● EXERCISE PROMPT: Each record should reappear exactly in your answer, minus any picture.

● RECORDS SUPPLIED:

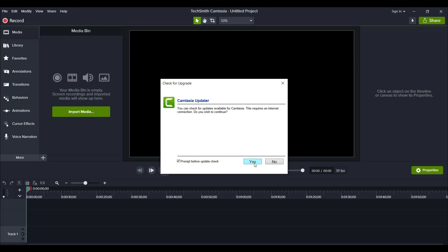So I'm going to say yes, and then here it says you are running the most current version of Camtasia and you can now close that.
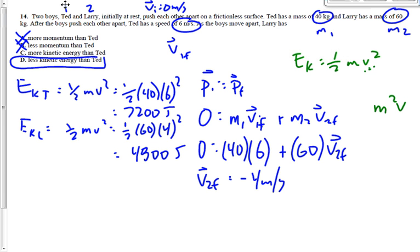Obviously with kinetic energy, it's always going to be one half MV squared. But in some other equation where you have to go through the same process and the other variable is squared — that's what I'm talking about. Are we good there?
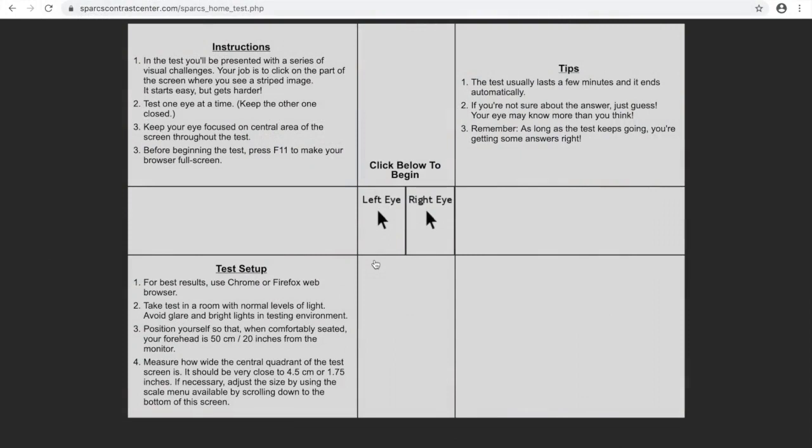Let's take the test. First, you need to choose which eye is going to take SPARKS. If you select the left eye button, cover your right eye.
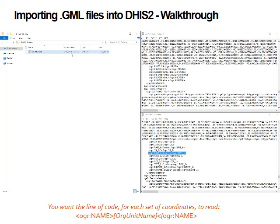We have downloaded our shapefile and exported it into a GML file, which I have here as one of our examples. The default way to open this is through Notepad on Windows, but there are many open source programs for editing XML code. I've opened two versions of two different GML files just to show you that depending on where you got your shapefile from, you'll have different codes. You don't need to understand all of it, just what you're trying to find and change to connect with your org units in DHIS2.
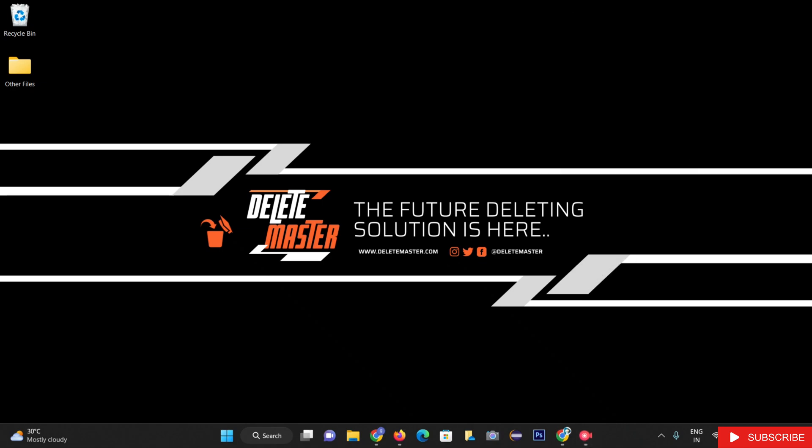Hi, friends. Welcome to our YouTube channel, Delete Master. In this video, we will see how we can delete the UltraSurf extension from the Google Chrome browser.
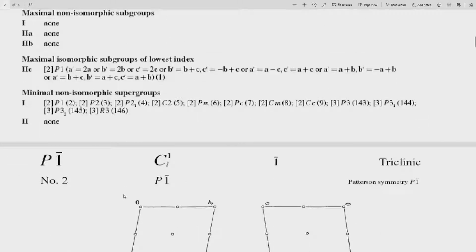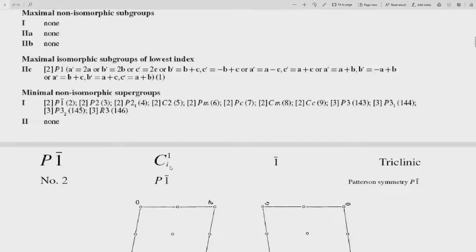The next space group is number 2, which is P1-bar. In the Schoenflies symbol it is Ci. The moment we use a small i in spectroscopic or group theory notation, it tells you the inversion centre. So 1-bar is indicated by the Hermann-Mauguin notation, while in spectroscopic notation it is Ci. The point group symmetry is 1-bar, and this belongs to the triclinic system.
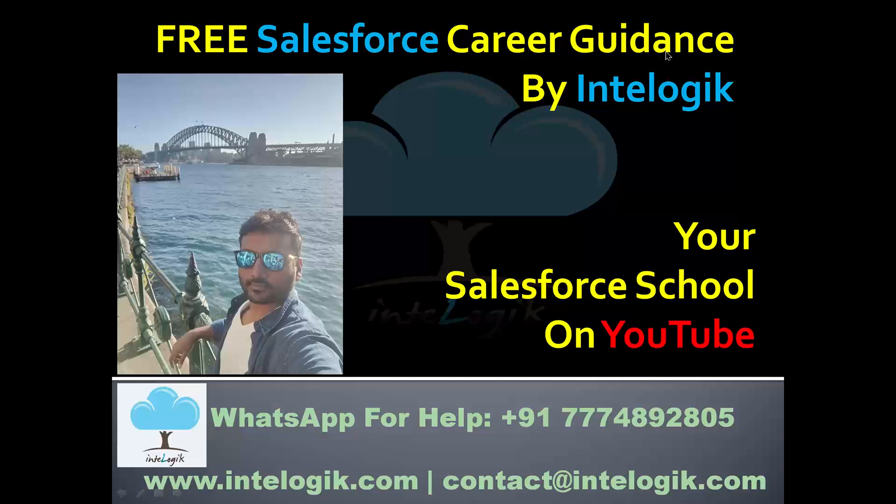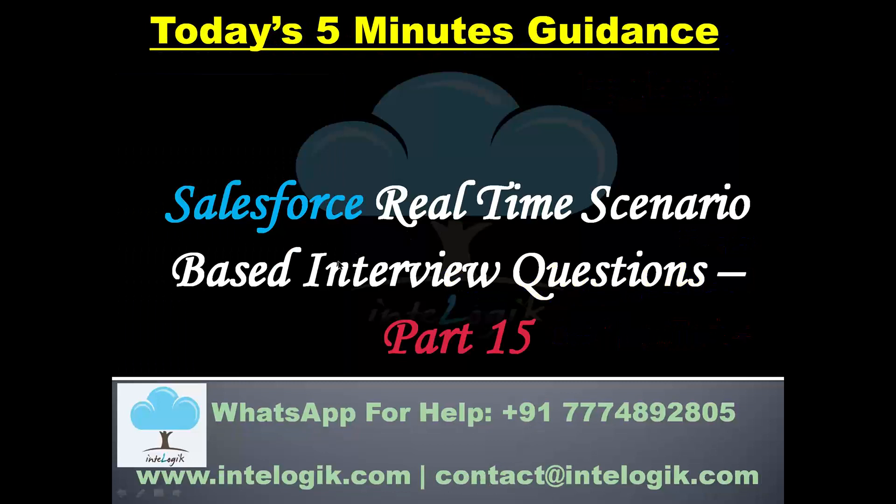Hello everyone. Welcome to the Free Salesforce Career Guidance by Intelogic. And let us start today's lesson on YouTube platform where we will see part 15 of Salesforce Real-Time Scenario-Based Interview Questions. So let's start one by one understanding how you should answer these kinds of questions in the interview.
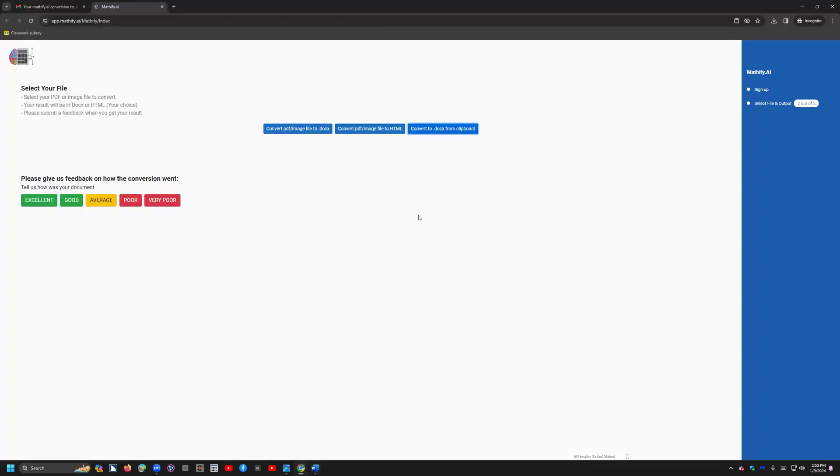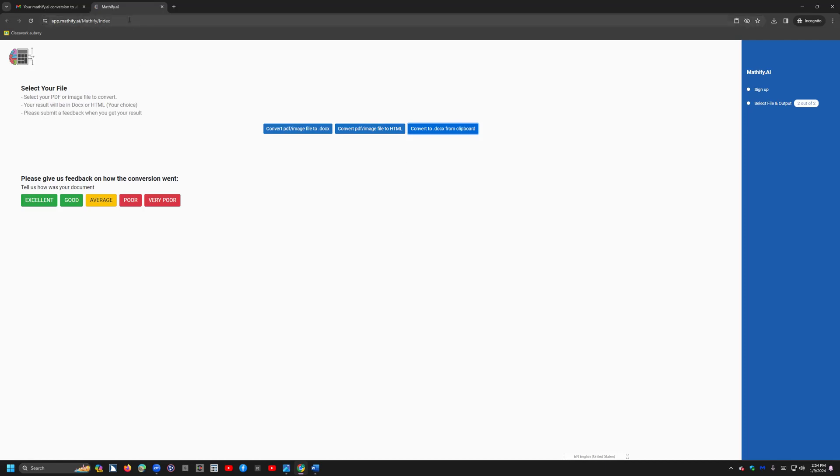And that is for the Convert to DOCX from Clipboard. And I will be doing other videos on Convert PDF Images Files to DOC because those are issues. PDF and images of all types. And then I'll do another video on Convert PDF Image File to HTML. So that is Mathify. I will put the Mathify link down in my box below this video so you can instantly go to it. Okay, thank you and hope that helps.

● RESULT OF THIS TASK:
So I'm going to say yes, and then here it says you are running the most current version of Camtasia and you can now close that.
Obviously with kinetic energy, it's always going to be one half MV squared. But in some other equation where you have to go through the same process and the other variable is squared — that's what I'm talking about. Are we good there?
Let's take the test. First, you need to choose which eye is going to take SPARKS. If you select the left eye button, cover your right eye.
We have downloaded our shapefile and exported it into a GML file, which I have here as one of our examples. The default way to open this is through Notepad on Windows, but there are many open source programs for editing XML code. I've opened two versions of two different GML files just to show you that depending on where you got your shapefile from, you'll have different codes. You don't need to understand all of it, just what you're trying to find and change to connect with your org units in DHIS2.
Hi, friends. Welcome to our YouTube channel, Delete Master. In this video, we will see how we can delete the UltraSurf extension from the Google Chrome browser.
The next space group is number 2, which is P1-bar. In the Schoenflies symbol it is Ci. The moment we use a small i in spectroscopic or group theory notation, it tells you the inversion centre. So 1-bar is indicated by the Hermann-Mauguin notation, while in spectroscopic notation it is Ci. The point group symmetry is 1-bar, and this belongs to the triclinic system.
Hello everyone. Welcome to the Free Salesforce Career Guidance by Intelogic. And let us start today's lesson on YouTube platform where we will see part 15 of Salesforce Real-Time Scenario-Based Interview Questions. So let's start one by one understanding how you should answer these kinds of questions in the interview.
And that is for the Convert to DOCX from Clipboard. And I will be doing other videos on Convert PDF Images Files to DOC because those are issues. PDF and images of all types. And then I'll do another video on Convert PDF Image File to HTML. So that is Mathify. I will put the Mathify link down in my box below this video so you can instantly go to it. Okay, thank you and hope that helps.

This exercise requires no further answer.